SciMLFunctions (Jacobians, Sparsity, Etc.)

The SciML ecosystem provides an extensive interface for declaring extra functions associated with the differential equation's data. In traditional libraries there is usually only one option: the Jacobian. However, we allow for a large array of pre-computed functions to speed up the calculations. This is offered via the SciMLFunction types which can be passed to the problems.

Definition of the AbstractSciMLFunction Interface

The following standard principles should be adhered to across all AbstractSciMLFunction instantiations.

Common Function Choice Definitions

The full interface available to the solvers is as follows:

  • jac: The Jacobian of the differential equation with respect to the state variable u at a time t with parameters p.
  • paramjac: The Jacobian of the differential equation with respect to p at state u at time t.
  • analytic: Defines an analytical solution using u0 at time t with p which will cause the solvers to return errors. Used for testing.
  • syms: Allows you to name your variables for automatic names in plots and other output.
  • jac_prototype: Defines the type to be used for any internal Jacobians within the solvers.
  • sparsity: Defines the sparsity pattern to be used for the sparse differentiation schemes. By default this is equal to jac_prototype. See the sparsity handling portion of this page for more information.
  • colorvec: The coloring pattern used by the sparse differentiator. See the sparsity handling portion of this page for more information.
  • observed: A function which allows for generating other observables from a solution.

Each function type additionally has some specific arguments, refer to their documentation for details.

In-place Specification and No-Recompile Mode

Each SciMLFunction type can be called with an "is inplace" (iip) choice.


which is a boolean for whether the function is in the inplace form (mutating to change the first value). This is automatically determined using the methods table but note that for full type-inferrability of the AbstractSciMLProblem this iip-ness should be specified.

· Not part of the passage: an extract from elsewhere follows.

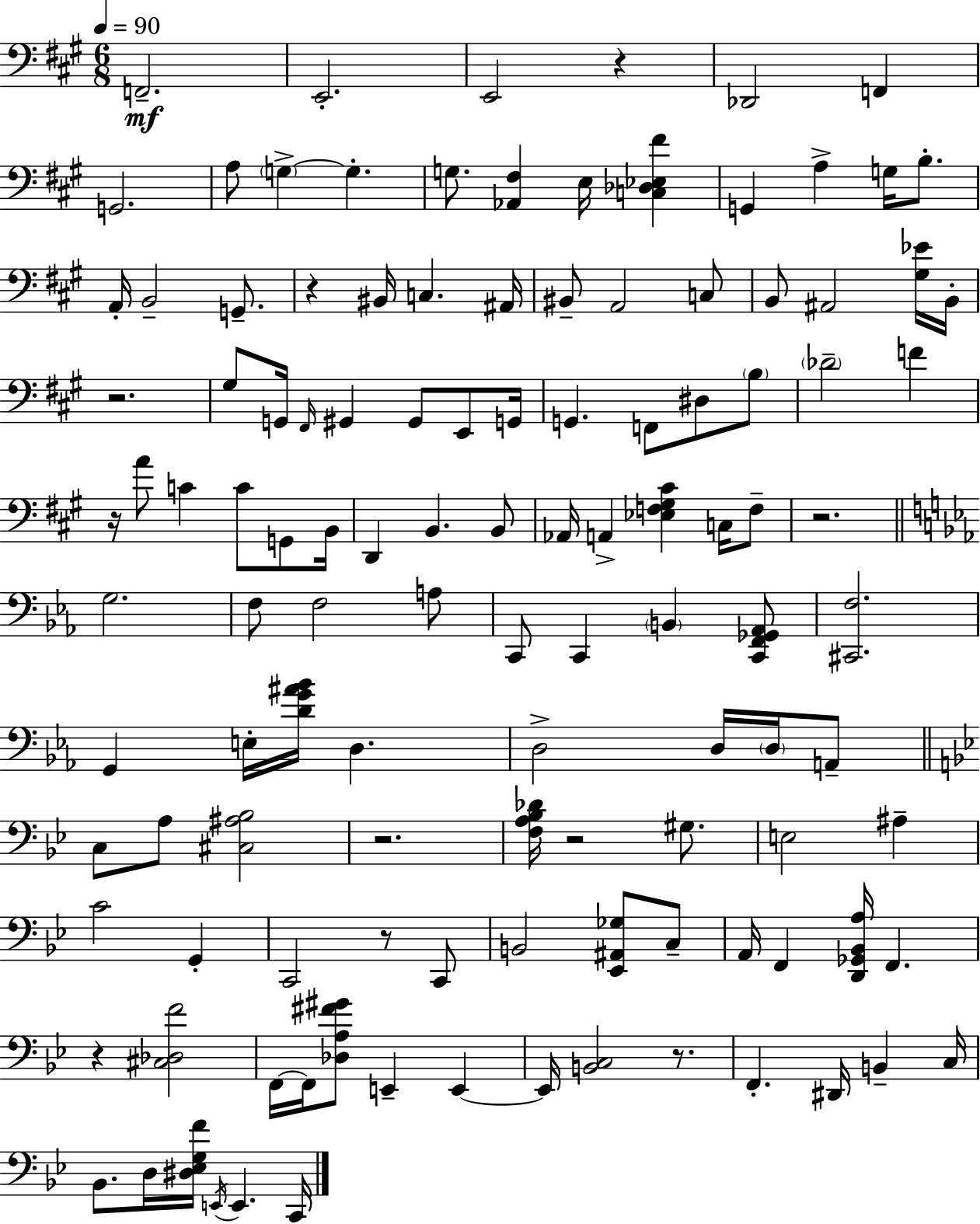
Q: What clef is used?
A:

Additionally, the functions are fully specialized to reduce the runtimes. If one would instead like to not specialize on the functions to reduce compile time, then one can set recompile to false.


This makes the ODE solver compilation independent of the function and so changing the function will not cause recompilation. One can change the default value by changing the const RECOMPILE_BY_DEFAULT = true to false in the SciMLBase.jl source code.

Specifying Jacobian Types

The jac field of an inplace style SciMLFunction has the signature jac(J,u,p,t), which updates the jacobian J in-place. The intended type for J can sometimes be inferred (e.g. when it is just a dense Matrix), but not in general. To supply the type information, you can provide a jac_prototype in the function's constructor.

The following example creates an inplace ODEFunction whose jacobian is a Diagonal:

using LinearAlgebra
f = (du,u,p,t) -> du .= t .* u
jac = (J,u,p,t) -> (J[1,1] = t; J[2,2] = t; J)
jp = Diagonal(zeros(2))
fun = ODEFunction(f; jac=jac, jac_prototype=jp)

Note that the integrators will always make a deep copy of fun.jac_prototype, so there's no worry of aliasing.

In general the jacobian prototype can be anything that has mul! defined, in particular sparse matrices or custom lazy types that support mul!. A special case is when the jac_prototype is a AbstractDiffEqLinearOperator, in which case you do not need to supply jac as it is automatically set to update_coefficients!. Refer to the DiffEqOperators section for more information on setting up time/parameter dependent operators.

Sparsity Handling

The solver libraries internally use packages such as FiniteDiff.jl and SparseDiffTools.jl for high performance calculation of sparse Jacobians and Hessians, along with matrix-free calculations of Jacobian-Vector products (Jv), vector-Jacobian products (v'J), and Hessian-vector products (H*v). The SciML interface gives users the ability to control these connections in order to allow for top notch performance.

The key arguments in the SciMLFunction is the prototype, which is an object that will be used as the underlying Jacobian/Hessian. Thus if one wants to use a sparse Jacobian, one should specify jac_prototype to be a sparse matrix. The sparsity pattern used in the differentiation scheme is defined by sparsity. By default, sparsity=jac_prototype, meaning that the sparse automatic differentiation scheme should specialize on the sparsity pattern given by the actual sparsity pattern. This can be overridden to say perform partial matrix coloring approximations. Additionally, the color vector for the sparse differentiation directions can be specified directly via colorvec. For more information on how these arguments control the differentiation process, see the aforementioned differentiation library documentations.


Missing docstring.

Missing docstring for SciMLBase.isinplace(f::SciMLBase.AbstractSciMLFunction). Check Documenter's build log for details.

AbstractSciMLFunction API

Abstract SciML Functions

abstract type AbstractDiffEqFunction{iip} <: SciMLBase.AbstractSciMLFunction{iip}

Base for types defining differential equation functions.